(Extracted information)

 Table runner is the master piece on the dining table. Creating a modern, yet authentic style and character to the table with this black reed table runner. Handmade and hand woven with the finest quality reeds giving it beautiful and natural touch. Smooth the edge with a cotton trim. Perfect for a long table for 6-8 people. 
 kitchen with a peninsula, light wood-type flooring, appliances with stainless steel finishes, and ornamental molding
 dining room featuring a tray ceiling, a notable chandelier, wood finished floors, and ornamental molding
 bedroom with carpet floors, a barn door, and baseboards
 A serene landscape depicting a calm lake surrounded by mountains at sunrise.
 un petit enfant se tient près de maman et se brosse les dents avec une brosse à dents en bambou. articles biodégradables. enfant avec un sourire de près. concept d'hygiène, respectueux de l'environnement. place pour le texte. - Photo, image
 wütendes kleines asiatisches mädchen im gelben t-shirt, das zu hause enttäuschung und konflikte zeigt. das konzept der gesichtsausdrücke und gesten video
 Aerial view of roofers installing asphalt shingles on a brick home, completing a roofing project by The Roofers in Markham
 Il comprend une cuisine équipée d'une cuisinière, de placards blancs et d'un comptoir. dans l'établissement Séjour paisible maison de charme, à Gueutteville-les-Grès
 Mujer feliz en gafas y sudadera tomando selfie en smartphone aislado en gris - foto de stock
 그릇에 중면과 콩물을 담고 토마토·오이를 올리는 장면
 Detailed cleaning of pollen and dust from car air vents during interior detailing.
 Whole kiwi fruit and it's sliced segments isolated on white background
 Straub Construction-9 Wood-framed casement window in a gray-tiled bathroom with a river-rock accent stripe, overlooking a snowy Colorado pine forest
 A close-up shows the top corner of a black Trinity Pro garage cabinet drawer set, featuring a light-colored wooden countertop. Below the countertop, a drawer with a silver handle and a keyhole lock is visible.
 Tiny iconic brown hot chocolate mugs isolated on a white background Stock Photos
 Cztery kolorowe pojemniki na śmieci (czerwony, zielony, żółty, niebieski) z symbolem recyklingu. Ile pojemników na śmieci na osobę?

(End Extracted information)

• [Task details] Please copy out each line of the material that holds the string "with".

• [Written answer]
 Table runner is the master piece on the dining table. Creating a modern, yet authentic style and character to the table with this black reed table runner. Handmade and hand woven with the finest quality reeds giving it beautiful and natural touch. Smooth the edge with a cotton trim. Perfect for a long table for 6-8 people. 
 kitchen with a peninsula, light wood-type flooring, appliances with stainless steel finishes, and ornamental molding
 bedroom with carpet floors, a barn door, and baseboards
 Straub Construction-9 Wood-framed casement window in a gray-tiled bathroom with a river-rock accent stripe, overlooking a snowy Colorado pine forest
 A close-up shows the top corner of a black Trinity Pro garage cabinet drawer set, featuring a light-colored wooden countertop. Below the countertop, a drawer with a silver handle and a keyhole lock is visible.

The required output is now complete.